(Stored entries)
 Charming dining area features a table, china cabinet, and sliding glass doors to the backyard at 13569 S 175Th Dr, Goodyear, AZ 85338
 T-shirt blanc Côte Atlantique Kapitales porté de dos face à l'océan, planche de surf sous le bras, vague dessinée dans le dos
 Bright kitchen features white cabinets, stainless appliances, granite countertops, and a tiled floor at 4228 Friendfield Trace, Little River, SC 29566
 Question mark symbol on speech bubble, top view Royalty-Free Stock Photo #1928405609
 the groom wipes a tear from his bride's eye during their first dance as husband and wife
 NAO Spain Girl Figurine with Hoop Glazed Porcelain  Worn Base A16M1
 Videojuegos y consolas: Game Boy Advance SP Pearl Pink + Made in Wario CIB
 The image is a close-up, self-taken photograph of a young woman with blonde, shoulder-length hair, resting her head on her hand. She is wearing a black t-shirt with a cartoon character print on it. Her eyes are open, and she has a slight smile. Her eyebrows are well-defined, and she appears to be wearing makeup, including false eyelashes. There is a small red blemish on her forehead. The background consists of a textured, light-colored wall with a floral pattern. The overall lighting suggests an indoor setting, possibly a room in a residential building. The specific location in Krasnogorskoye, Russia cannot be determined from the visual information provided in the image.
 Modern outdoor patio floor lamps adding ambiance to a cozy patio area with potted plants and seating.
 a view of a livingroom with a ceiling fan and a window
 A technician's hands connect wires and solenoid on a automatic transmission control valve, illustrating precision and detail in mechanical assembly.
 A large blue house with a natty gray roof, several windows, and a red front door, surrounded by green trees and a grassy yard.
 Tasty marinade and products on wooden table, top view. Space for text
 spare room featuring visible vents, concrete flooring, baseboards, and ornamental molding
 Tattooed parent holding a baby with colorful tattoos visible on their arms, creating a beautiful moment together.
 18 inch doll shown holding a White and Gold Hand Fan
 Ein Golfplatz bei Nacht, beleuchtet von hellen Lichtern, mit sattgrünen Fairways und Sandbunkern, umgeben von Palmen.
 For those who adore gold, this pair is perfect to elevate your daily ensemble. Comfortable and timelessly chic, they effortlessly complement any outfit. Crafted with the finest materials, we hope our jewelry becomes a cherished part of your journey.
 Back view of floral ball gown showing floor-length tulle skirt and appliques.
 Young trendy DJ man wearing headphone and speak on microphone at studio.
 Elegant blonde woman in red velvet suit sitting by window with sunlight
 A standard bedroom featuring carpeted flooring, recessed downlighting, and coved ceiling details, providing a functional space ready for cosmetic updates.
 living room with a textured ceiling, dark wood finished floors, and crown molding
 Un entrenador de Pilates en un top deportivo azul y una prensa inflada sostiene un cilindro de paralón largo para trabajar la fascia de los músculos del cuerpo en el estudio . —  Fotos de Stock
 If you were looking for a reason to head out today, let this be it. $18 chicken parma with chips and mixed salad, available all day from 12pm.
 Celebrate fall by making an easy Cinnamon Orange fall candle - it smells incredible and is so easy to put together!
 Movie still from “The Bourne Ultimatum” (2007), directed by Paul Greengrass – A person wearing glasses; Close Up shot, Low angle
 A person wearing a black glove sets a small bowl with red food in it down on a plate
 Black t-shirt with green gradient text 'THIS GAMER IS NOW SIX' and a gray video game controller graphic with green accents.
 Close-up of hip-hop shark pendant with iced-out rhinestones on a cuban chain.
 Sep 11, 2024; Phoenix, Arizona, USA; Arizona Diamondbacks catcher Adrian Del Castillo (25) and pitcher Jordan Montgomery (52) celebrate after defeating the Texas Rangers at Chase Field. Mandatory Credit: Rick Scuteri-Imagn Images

Task to carry out ▸ Set down only the lines above that fall between the line holding "Young trendy DJ" and the line holding "Un entrenador de", inclusive, keeping each exact.

Answer to this problem ▸
 Young trendy DJ man wearing headphone and speak on microphone at studio.
 Elegant blonde woman in red velvet suit sitting by window with sunlight
 A standard bedroom featuring carpeted flooring, recessed downlighting, and coved ceiling details, providing a functional space ready for cosmetic updates.
 living room with a textured ceiling, dark wood finished floors, and crown molding
 Un entrenador de Pilates en un top deportivo azul y una prensa inflada sostiene un cilindro de paralón largo para trabajar la fascia de los músculos del cuerpo en el estudio . —  Fotos de Stock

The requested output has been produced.